Page 51 of Vesuvius

‘So you can keep an eye on me. So you can ask questions when I’ve told you to stop.’ Felix’s fists curled. ‘Because you don’t trust me.’

You haven’t given me a reason to, Loren nearly said.

Except that wasn’t true. He flashed back to last night: Felix breaking into the estate, if only to ensure Loren’s safety. Felix listening to him ramble in the dark. How, despite the many holes Loren left for him to slip through and end their agreement, Felix kept coming back.

His bed was empty that morning. But he was here now.

‘Trust my experience if you trust nothing else from me. It’s never a good sign when a rich person takes an interest in you,’ Felix said. ‘I know what it’s like to be used.’

He stormed from the atrium before Loren could work past the conflict in his chest.

Chapter XIII

FELIX

Ditching sandals to silence an approach only worked if the target wasn’t waiting in anticipation.

Dawn streamed thin over Pompeii, and no sooner had Felix turned onto the street of the seamstress’s shop than a flash of curls disappeared from the upstairs window. He carried the sword of Aurelia’s father, having reclaimed it from the belt of Julia’s snoring guard. Unsheathed, it glinted flat and grey in the morning light. Too old to fetch much coin – so what if Felix considered pawning it rather than returning it? – but the fantasy died when Aurelia barrelled through the door.

Only his growing familiarity with how she never acted by half reminded him to stand back.
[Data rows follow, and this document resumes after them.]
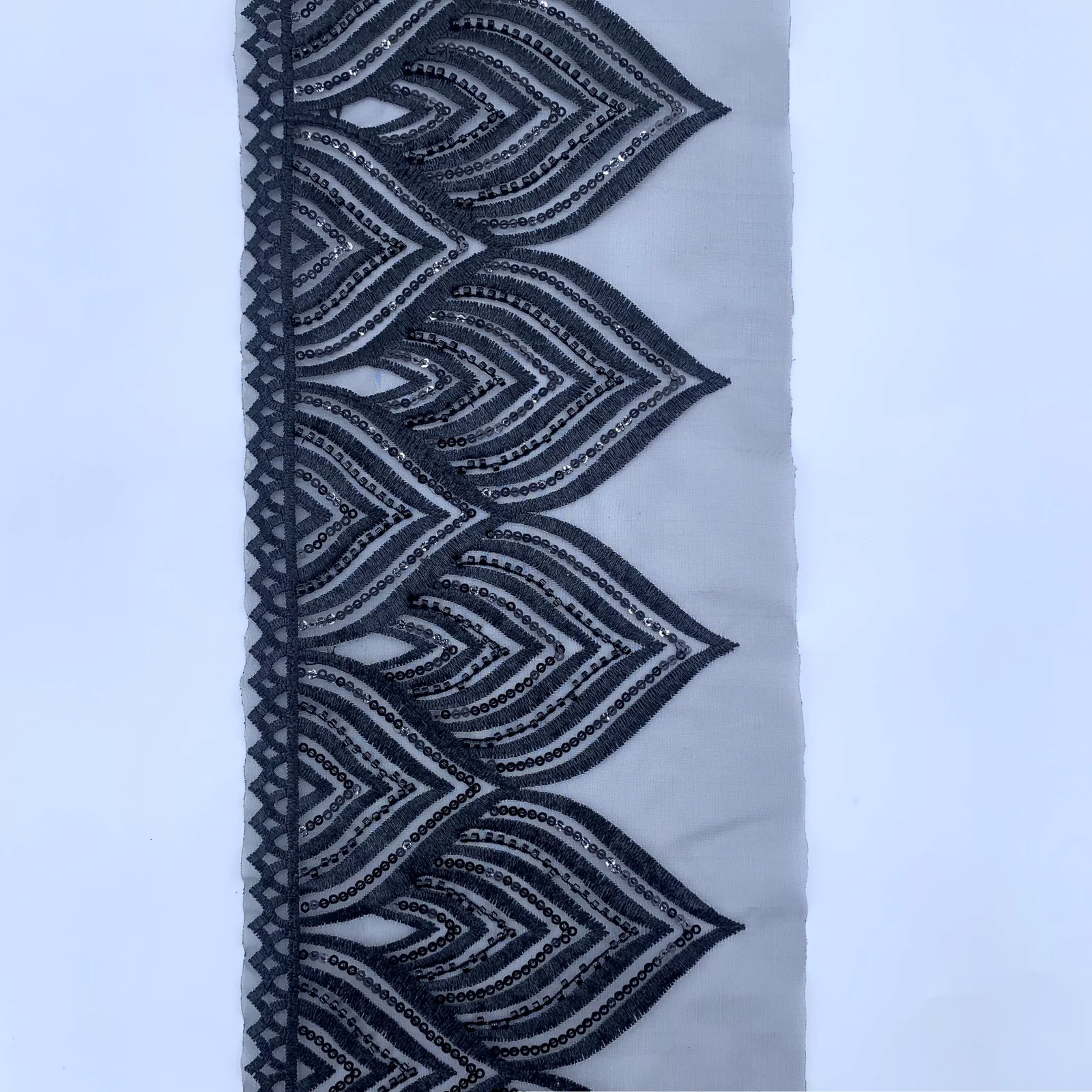 Black Layered Chevron Mesh Trim — Photographed decorative trim sample; verify colour and construction with a physical sample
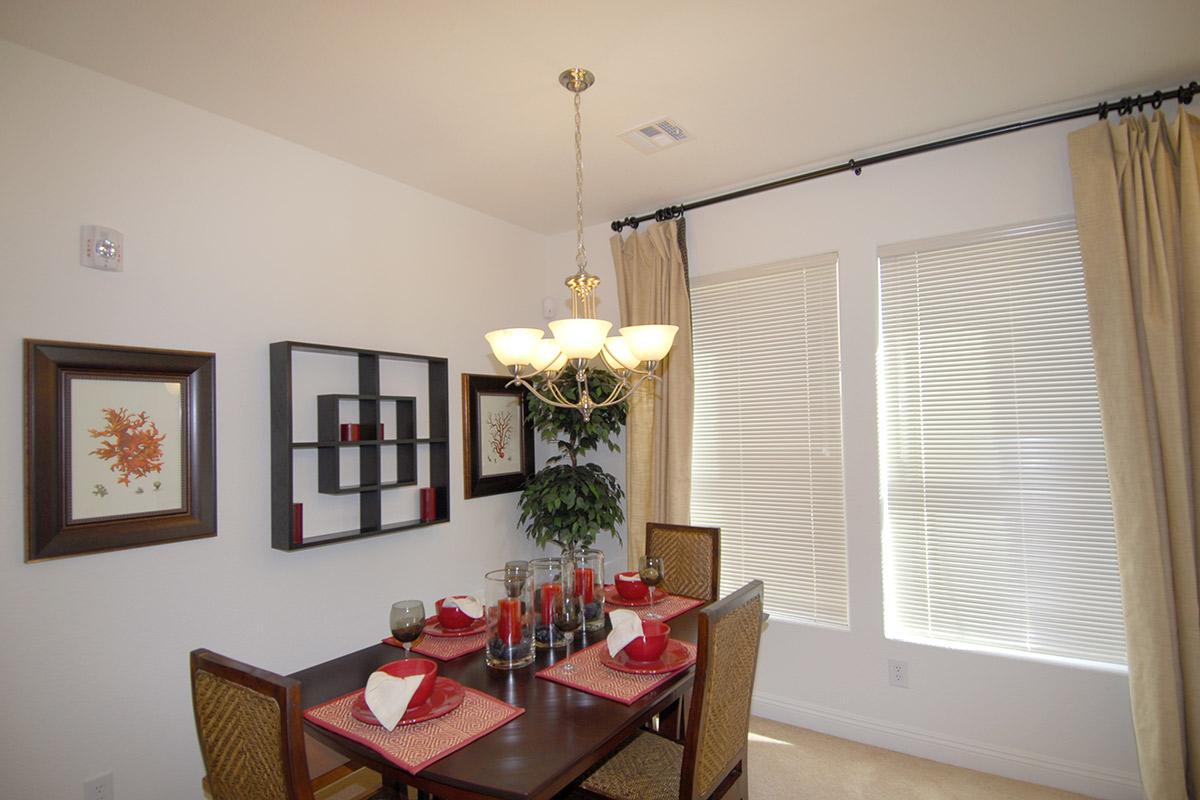 A cozy dining area featuring a wooden table set with red and white tableware, surrounded by two wicker chairs. A decorative chandelier hangs above the table. Walls are adorned with framed artwork and a shelf, with a potted plant in the corner, while natural light filters through the window covered by light curtains.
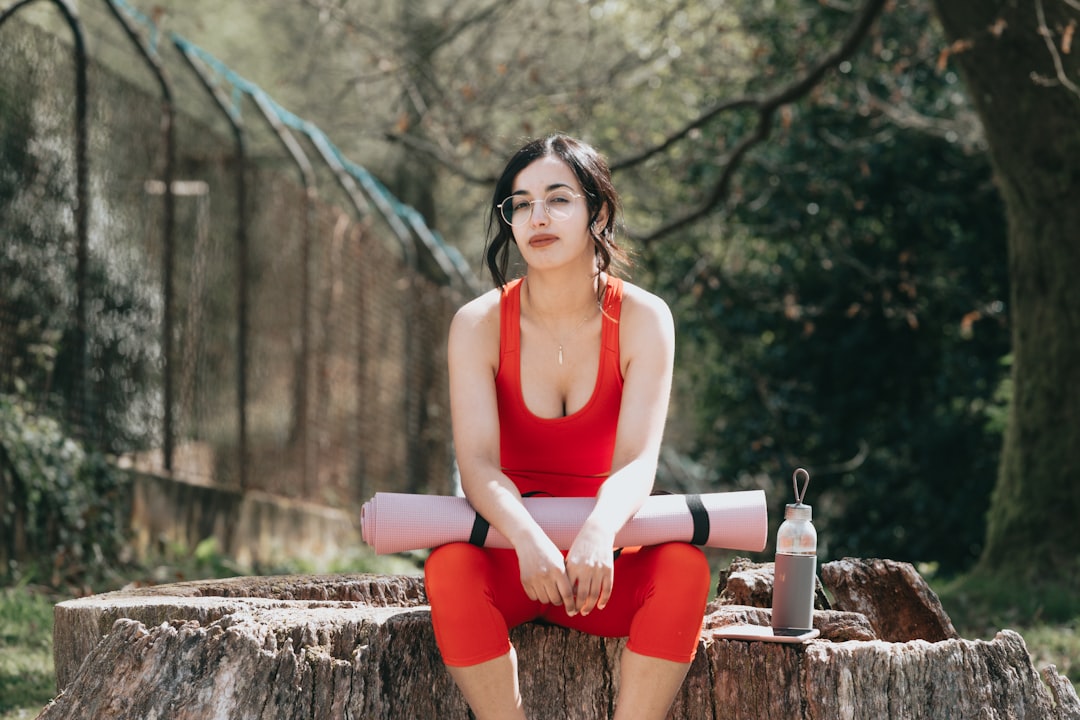 woman in white tank top and red shorts sitting on brown concrete bench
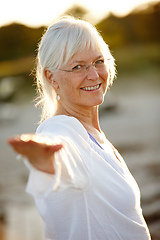 Image showing I always feel better after a yoga workout. Cropped portrait of an attractive mature woman doing yoga on the beach at sunset.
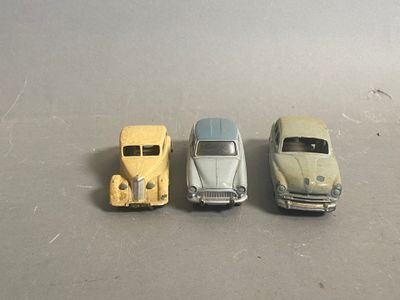 three toy cars sitting next to each other on a table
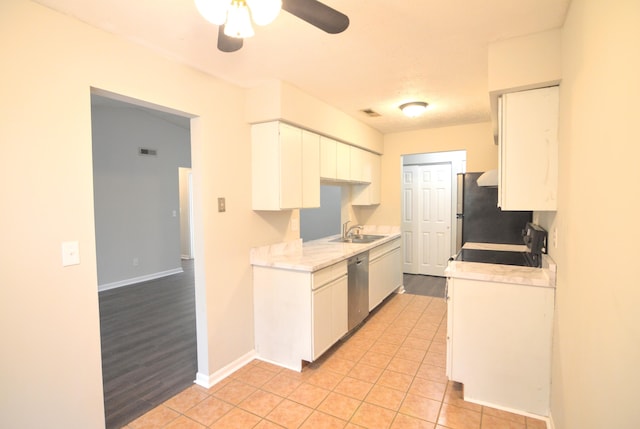 kitchen featuring white cabinets, stove, light wood-type flooring, and sink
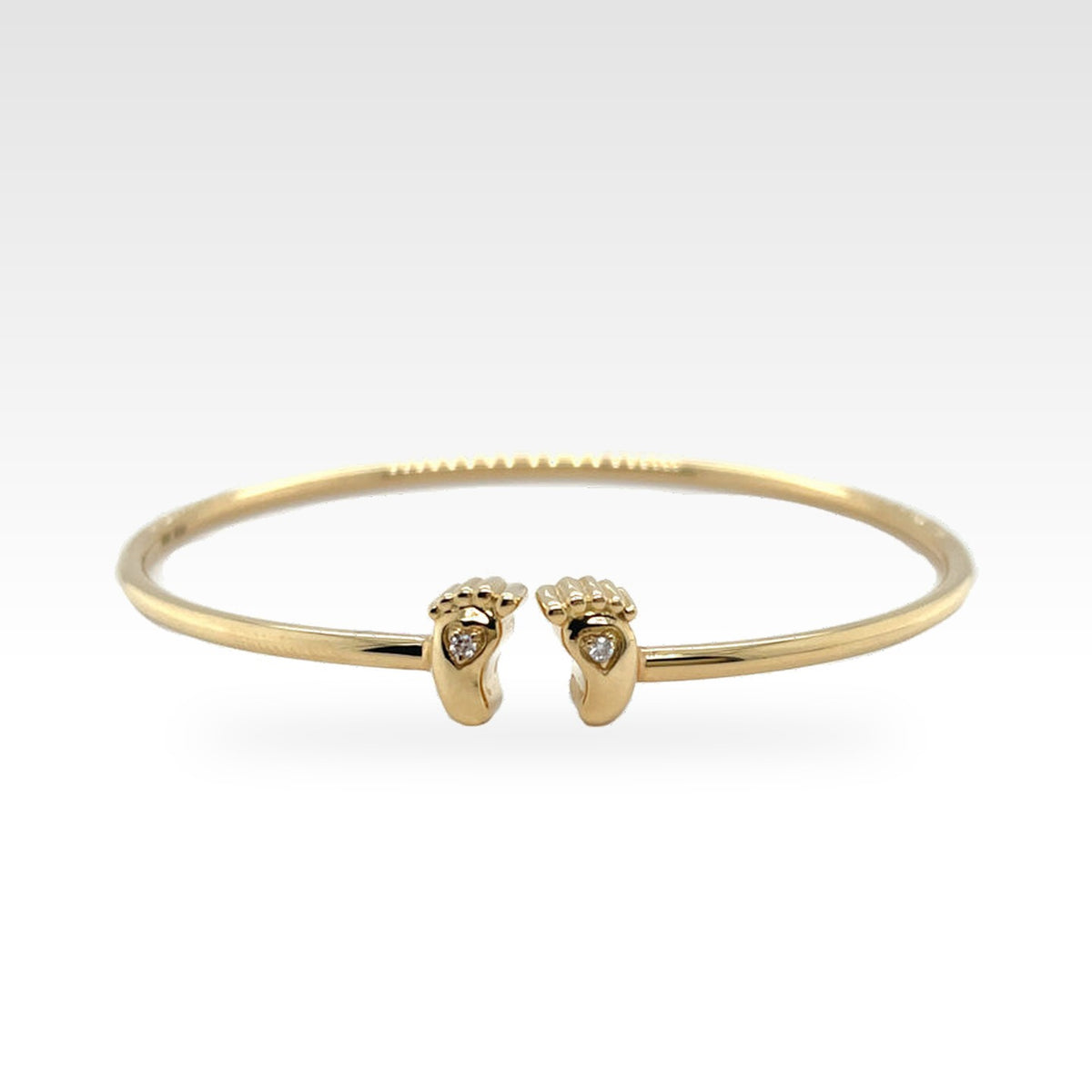Baby Bangle (Feet) in yellow gold with round diamonds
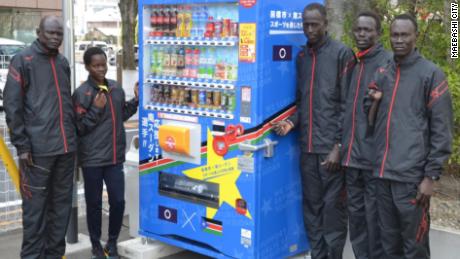 The South Sudan team and their coach, Joseph, (far left) in front of a vending machine in Maebashi city, displaying their nation&#39;s flag. 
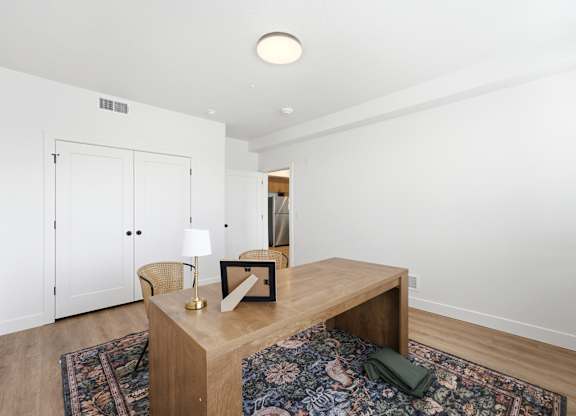 A room with a wooden table and a rug on the floor.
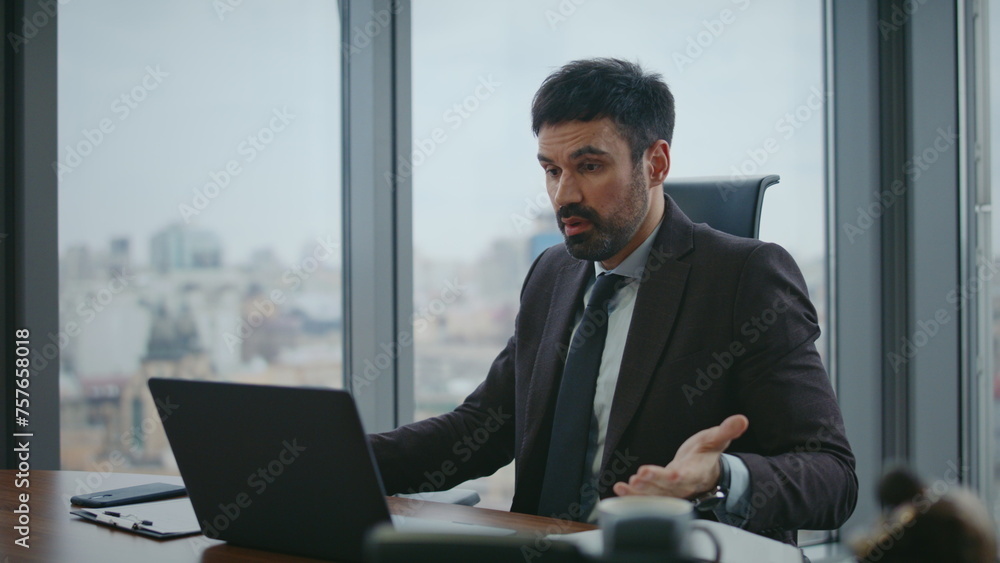 Businessman shouting video conference worried company loss in office close up. Businessman shouting video conference worried company loss in office close up.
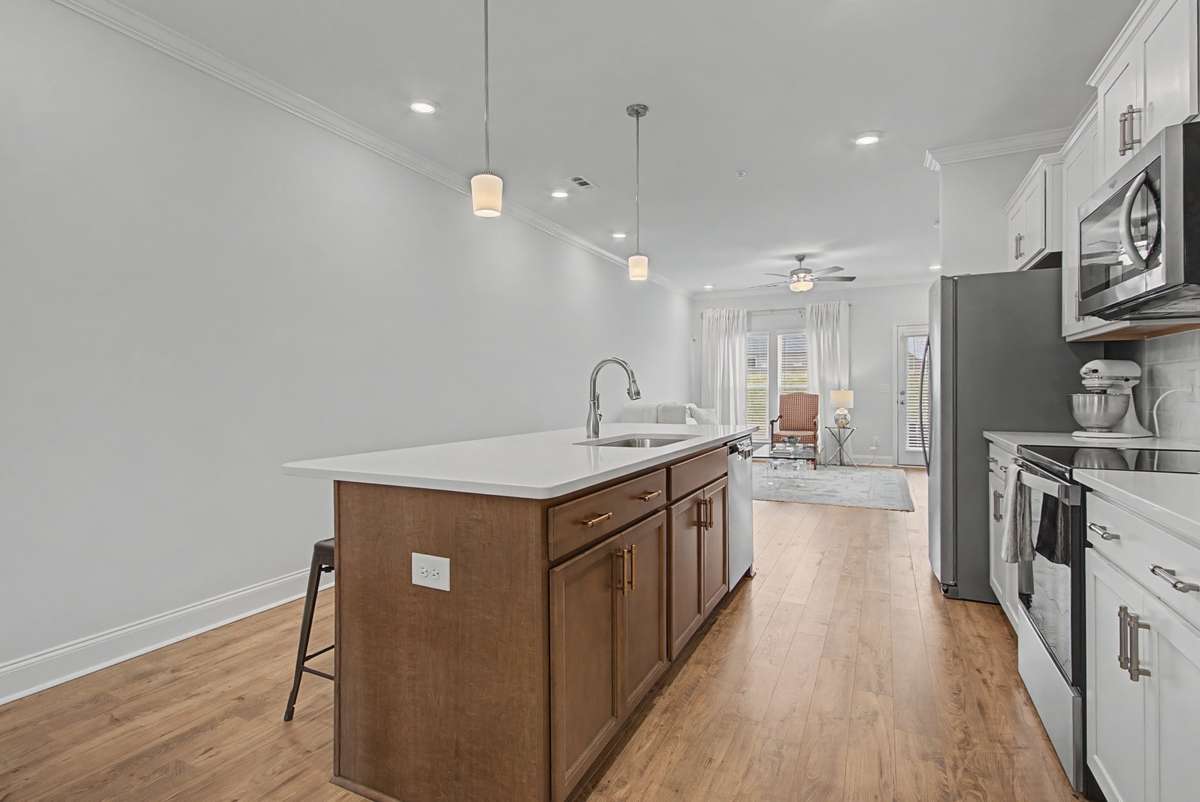 The large island is a beauty with stained maple wood and topped with that striking white quartz countertop.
‘Where is he?’ Aurelia demanded.

‘Morning to you, too,’ he said, dodging a shin kick.

‘Don’t joke.’ Hair a thundercloud, frizzy and falling from its braid, she looked a puffy-eyed mess. Felix wondered if she slept at all, or if nightmares had her tossing all night. He remembered her episode in the alley, her glazed expression and grave pronouncements, forgotten the moment she said them, but Felix didn’t know where to begin questioning her.

She was strange. Strange as Loren. No wonder the two got along.

Sighing, Felix relented. ‘He’s fine. Didn’t need me. Didn’t need either of us.’

‘Not true. Mamma says we all need each other.’

‘For some, that’s hard to admit.’

Aurelia stared dead-on. ‘Some like you?’

Felix felt again that odd effect, the same one Loren had on him, that his skin had turned invisible, and his vitals were exposed. He itched to cover up despite being dressed. Slowly, he said, ‘Part of my trade is working alone. I’m a thief, not a smuggler.’

‘That’s not it. I think thieves are the loneliest of us all.’ Aurelia sniffed, then snatched the sword and slammed the door in his face.

For a long moment, Felix stood in the street, trying not to feel the press of her words.The loneliest of us all.Aurelia didn’t know the first thing about what loneliness meant.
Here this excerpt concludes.